Support forum for Nagios Core, Nagios Plugins, NCPA, NRPE, NSCA, NDOUtils and more. Engage with the community of users including those using the open source solutions.
define host{
use generic-host ; Name of host template to use
host_name name
alias name
address 8.4.4.4
check_command check-host-alive
max_check_attempts 10
notification_interval 60
notification_period 24x7
notification_options d,u,r
}
define host{
name generic-host ; The name of this host template
notifications_enabled 1 ; Host notifications are enabled
event_handler_enabled 1 ; Host event handler is enabled
flap_detection_enabled 1 ; Flap detection is enabled
failure_prediction_enabled 1 ; Failure prediction is enabled
process_perf_data 1 ; Process performance data
retain_status_information 1 ; Retain status information across program restarts
retain_nonstatus_information 1 ; Retain non-status information across program restarts
notification_period 24x7 ; Send host notifications at any time
register 0 ; DONT REGISTER THIS DEFINITION - ITS NOT A REAL HOST, JUST A TEMPLATE!
}
I have configured my system to send a notification and right now (if I got this correctly) is sending a notification if the service is alerting for 10 minutes, until the alert is gone. I am looking on tweaking a bit the notification time to have the first notification sent after 3 minutes and the next one after 10 minutes (and so on), until the alert is gone. Can someone advice how I can accomplish this?

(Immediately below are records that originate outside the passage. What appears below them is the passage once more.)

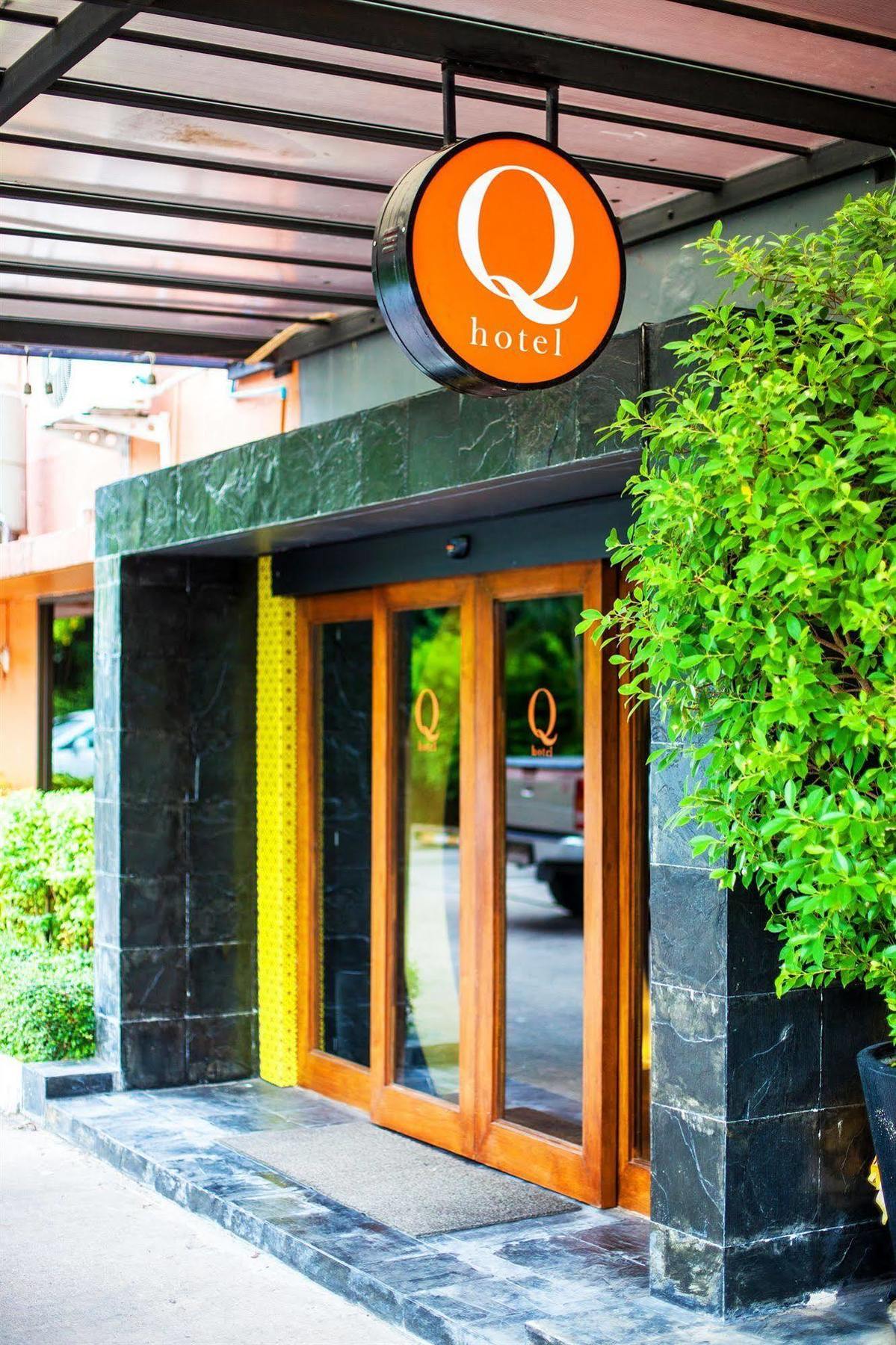 Q Hotel Бангкок Екстер'єр фото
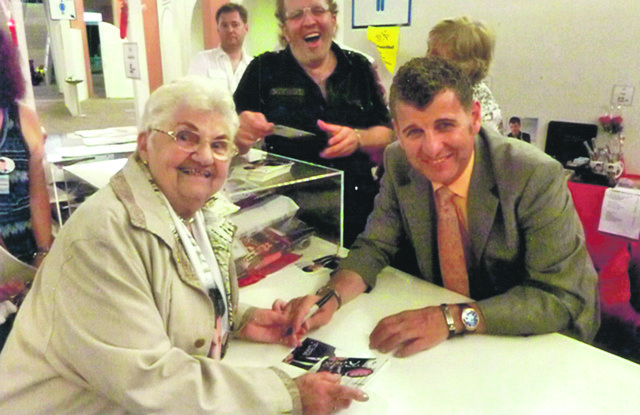 Maria Ries mit ihrem großen Idol Semino Rossi.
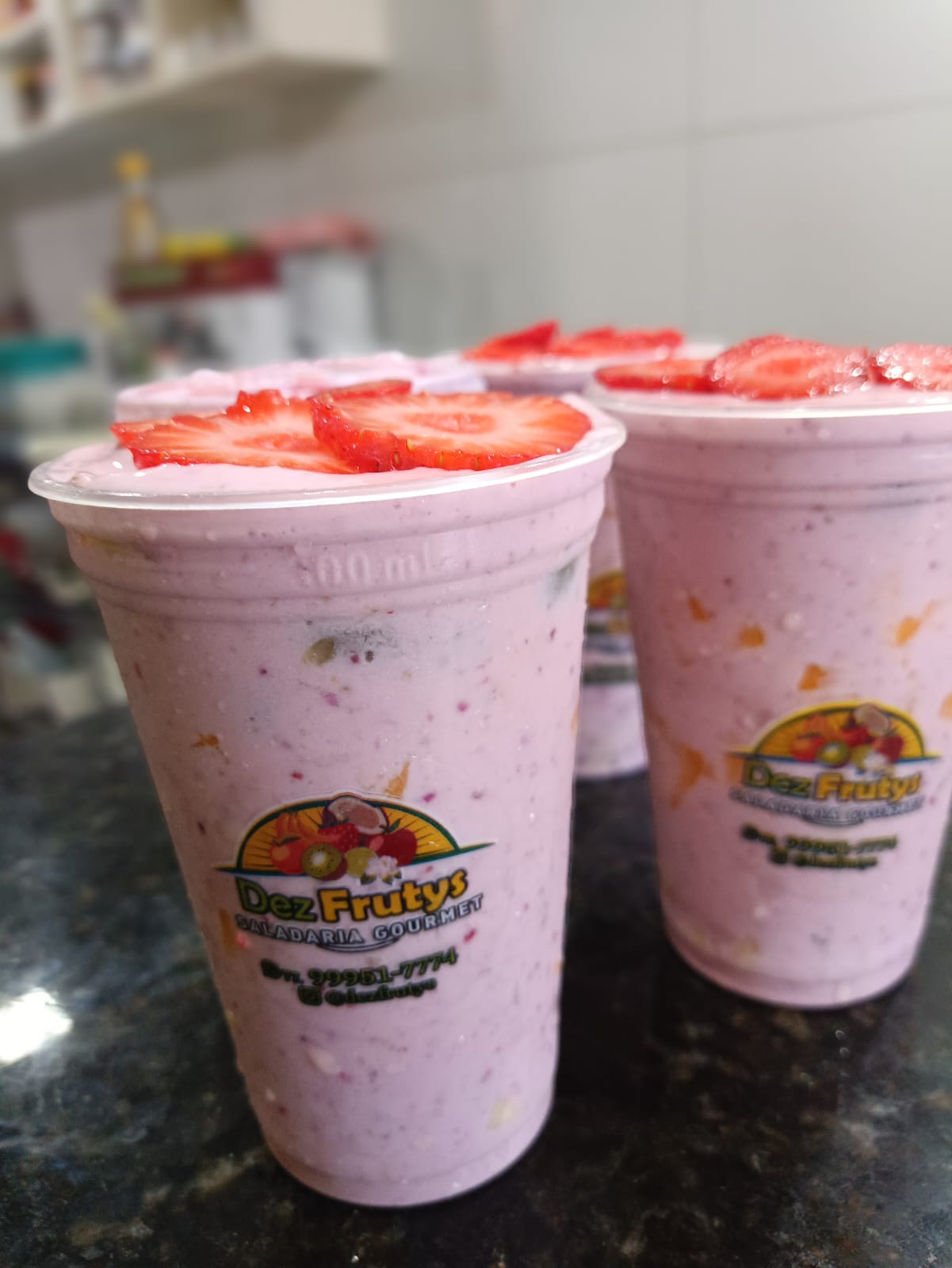 SALADA DE FRUTAS C/ MOUSSE DE MORANGO 330ml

Those notification intervals sound waaaaay too verbose and you are going to annoy people pretty darn quick with those metrics. Here is how you can accomplish it even though I would advise otherwise:
I believe he was suggesting that you increase the amount of time between notifications, 60 seconds is quite fast unless of course you have a team that works VERY fast.
Think about it like this, you get your first notification... you now have 10 minutes to fix the problem before another notification, are you likely to forget about the problem in the space of 10 minutes? Are you always going to be able to respond to a problem within 10 minutes, let alone solve the problem? What about complex outages where you might have 10+ services in a critical state that aren't part of a dependency structure alerting every 10 minutes?
You may also wish to consider if 2 minutes is long enough to filter out false positives, this stuff will likely be dictated by company policy but the noisier your monitoring is the more likely people will begin ignoring it (like the story of the boy who cried wolf).
We use the following metrics:
Regular check interval: 10 minutes
Retry check interval: 2 minutes
Total failed attempts before notification: 3
notification interval: 1 per hour
notify only on critical
This may or may not be suitable for you, but we know about a problem within 4 ~ 14 minutes of the problem occurring and depending on the urgency of the problem we may or may not get to it within an hour. Warnings are dealt with ad-hoc from a NOC screen.